Sticking with the pilot gear theme, we have also added an ACR RT-10 ELT to the Communication Equipment section of the site. The RT-10 is one of the most well recognized models of military emergency transmitters and innumerable US pilots carried these devices during the Vietnam War.


2017-02-23 Plus One  
Posted by AnubisTTP  

Incandescent displays can be strange, and when talking about devices in the IND-1803 'Numerik Indicator' display family, things get very strange indeed. The IND-1818 Numerik Indicator is an overflow indicator of quite eye-catching design, which uses curved plates and incandescent bulbs to display shaped numbers. When combined with the complicated driver card designed to work with this display, a module is created which contains a shocking number of parts simply to display ones and zeros.
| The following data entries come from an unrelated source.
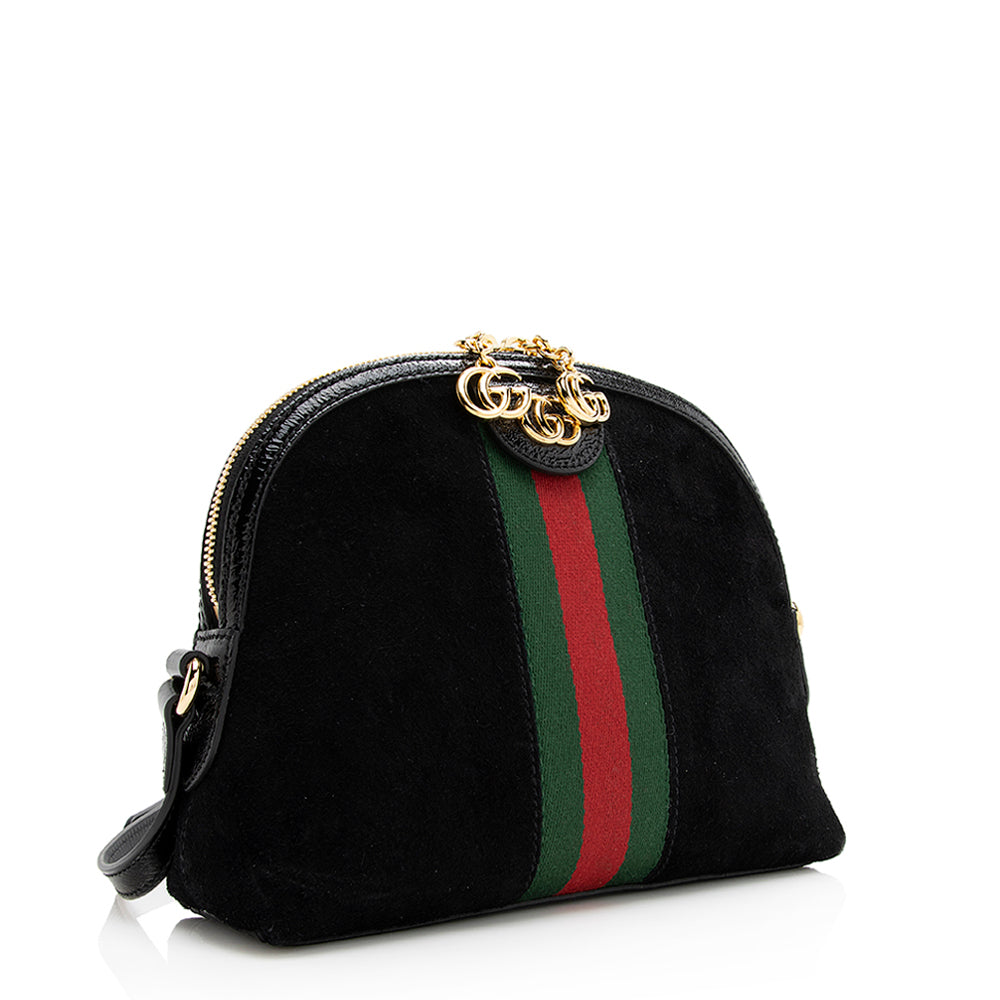 Gucci Ophidia Dome SHF Leather Suede Nylon Black Crossbody Bag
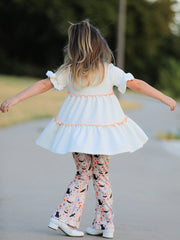 Halloween Black Cat Girls Bell Bottom Pant Set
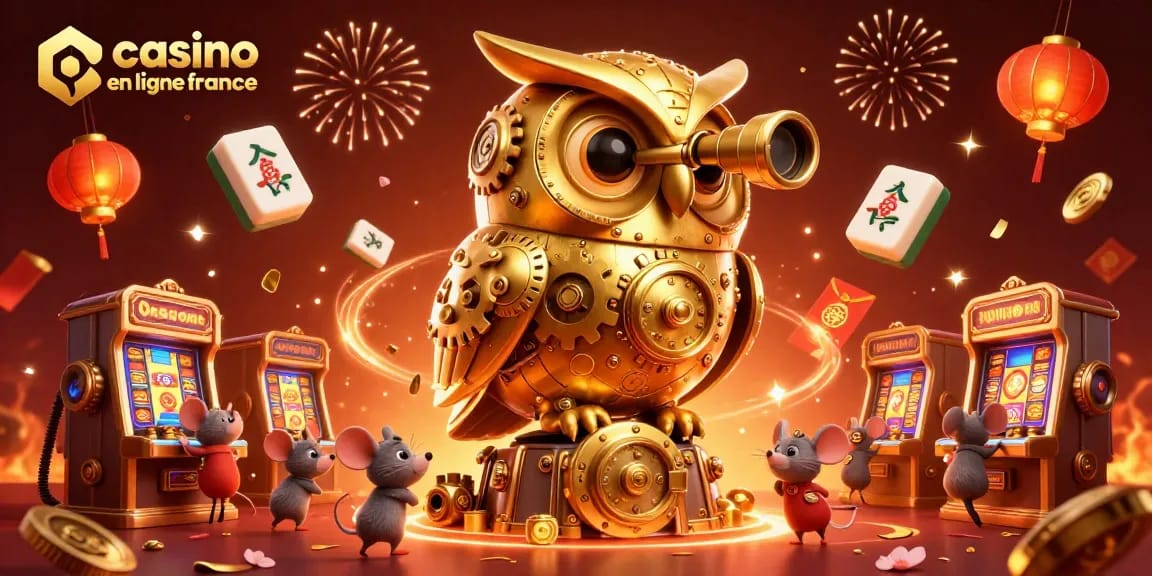 Illustration dynamique de casino en ligne France avec des personnages et des éléments de jeu captivants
Only in the world of incandescent displays could such complexity be lavished on a device to display a simple binary value.

Other recent additions include two unusual integrated circuits for the Monolithic Integrated Circuits section of the site; an OKI Intel M85C154 8-bit piggyback CPU, and a Cypress CYM1620 static ram module. Both of these ICs come in very unusual form factors that are quite different from the black plastic DIPs usually associated with integrated circuits


2017-02-10 Is That a Meter in Your Pocket?  
Posted by AnubisTTP  

We have gone a bit off the beaten path and added an Eveready Pocketwatch Meter to the Test Equipment section of the site. Pocket watch meters were a fixture of 1920s and 1930s electronics maintenance; a world that was suddenly awash in batteries desperately wanted a cheap way to measure voltage. A small analog needle movement fitted into a surplus pocketwatch case was a commercially successful solution, and a number of pocket watch meters were made during the 1920s and 1930s.

In a defiant violation of logic we have also added a Mullard ORP61 cadmium sulfide photocell to the site. The ORP61 is commonly mistaken as a photodiode due to it's package shape, and we have bowed to social convention and placed this non-semiconductor into the Transistors and Diodes section of the site.


2017-02-02 The Edge of Mystery  
Posted by AnubisTTP  

Sometimes we find things that defy identification. Stanley Readout is a manufacturer typically associated with 7 segment incandescent displays, but we have stumbled across a "Stanley Readout" that is something quite different. This unusual display is edge lit, does not display numbers or symbols, and is a complete mystery. Maybe a reader knows the answer?

We have also made a couple of somewhat less mysterious additions to the website, including a "Raytheon Blue" CK722 transistor on our Transistors and Diodes page. We have also dusted off an article written back in 2007, covering Apple's Macintosh Plus personal computer.


2017-01-23 Public Education  
Posted by AnubisTTP  

Back in the time before safety regulation, middle school students apparently did much more intense projects in science class. We have recently added a kit to the Cathode Ray Tubes section of the site that was provided to students as a science project to construct a fully functional cathode ray tube. Instead of glitter and glue-on macaroni, this childhood project involved high voltage power supplies, vacuum pumps, and the ever-present threat of accidental X-ray exposure. Apparently the students of the past were actually living in a Robert Heinlein science fiction novel.

We have also added an Elgin "gun camera" clock to the Clocks and Timers section of the site and a tiny Raytheon CK782 hearing aid transistor to the Transistors and Diodes section of the website.